Development of Methods for Production of New Molecular Anti-Viral Vaccines and Suppression of Non-Wished Virus Genes by Nucleotide Fragments Transfer and Nucleotide Modifications

Iskra Ventseslavova Sainova*
Bulgarian Academy of Sciences (BAS), Sofia, Bulgaria.

Citation: Sainova IV (2022) Development of Methods for Production of New Molecular Anti-Viral Vaccines and Suppression of Non-Wished Virus Genes by Nucleotide Fragments Transfer and Nucleotide Modifications. SciTech Central COVID-19.

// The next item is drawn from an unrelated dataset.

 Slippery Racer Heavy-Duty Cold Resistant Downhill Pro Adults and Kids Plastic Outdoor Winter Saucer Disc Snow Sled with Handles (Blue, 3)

Received: November 17, 2022         Accepted: November 21, 2022         Published: November 21, 2022

Abstract

Taking in consideration the risk of thrombs by SARS-CoV-2 Spike (S) protein (because of its binding to cellular ACE2) and of amyloid brain plaques by its nucleocapsid (N) protein, it is necessary molecular (DNA, RNA and/or protein) vaccines be designed against other viral proteins, and boosting by siRNAs against virus genes, coding proteins S and N. In vitro-incubated mammalian cell cultures were inoculated with vaccine avipoxviral strains (Poxviridae family) FK (fowl) and Dessau (pigeon) with initial infectious titers 104CCID50/ml and 106.5CCID50/ml, respectively (initial infectious titers, in which was observed 50% cytopathological changes in the infected cells). Separate subpopulations of the so inoculated mammalian cells were freezed in the presence of cryoprotector Dimethylsulfoxide (DMSO), and others - with different concentrations of the methylxantine/purine analogs (Aminophylin and 61-Tartrate), at the 24-th and 48-th hours after the treatment with each substance, 24 hours after the viral inoculation. After thawing and reincubation, as a source of extracellular virus served the cultural fluids, and of intracellular - scraped cellular monolayers. The titers of the intracellular forms were significantly higher that these of the extracellular. Transfer of nucleotide (DNA and/or RNA) fragments between virus and cellular genomes, due to activated fusion on the influence of DMSO plus drastic temperature changes was proposed, which suggests possibilities for production of molecular vaccines and suppression of nonwished genes. 50% cell viability on the influence of the two methylxantine derivatives on in vitro-incubated cells was reached at dilution values between 10-4 M/ml in the cells, inoculated with strain FK, and 10-3 M/ml in the cells, inoculated with strain Dessau, at the 24-th hour after the virus inoculation. These results show the antiviral activity both purine analogs, by taking in consideration the observed higher virulency of strain FK (in higher dilutions of the viral suspension) compared with strain Dessau.